# East Canyon Moose - The Details



## scoutm (Jul 29, 2014)

As promised, here are some of what I felt were some of the highlights of my hunt. There were too many to list all of them you residents are truly blessed to hunt some amazing country.

First, the colors were amazing, bold, bright and every changing.















We spent a total of 10 day in the field. Seven days the first week of the season and I killed on the morning of the third day of my return trip. We saw moose every day in the field with only one afternoon hunt were we did not see any moose.

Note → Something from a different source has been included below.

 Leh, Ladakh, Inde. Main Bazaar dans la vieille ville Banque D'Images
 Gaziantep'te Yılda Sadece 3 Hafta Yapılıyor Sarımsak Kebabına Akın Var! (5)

Here a few of the moose we saw.



























Our first morning back in the field, after having been home to fulfill some family and business obligations, we were treated to an amazing lunar eclipse. It took us a while to figure out what we were seeing as we had not heard anything about it prior to seeing it. A quick search on the phone the Eclipse was confirmed. The next morning we were treated to what I can only describe as Mega-Moon.









On the morning I killed, we returned to a canyon where we had seen a good bull the night before. I passed on him that evening but after looking at the pictures I had taken, I decided he was worth a run at.

After Glassing for a short while I found a cow feeding. We could tell there was another moose with her but couldn't tell what it was. After watching for ten minutes or so and having not seen any antlers we concluded it was either another cow or a calf. We proceed to glass the surrounding cuts when the cow stepped out in the clear and pulled the bull I would eventually take with her.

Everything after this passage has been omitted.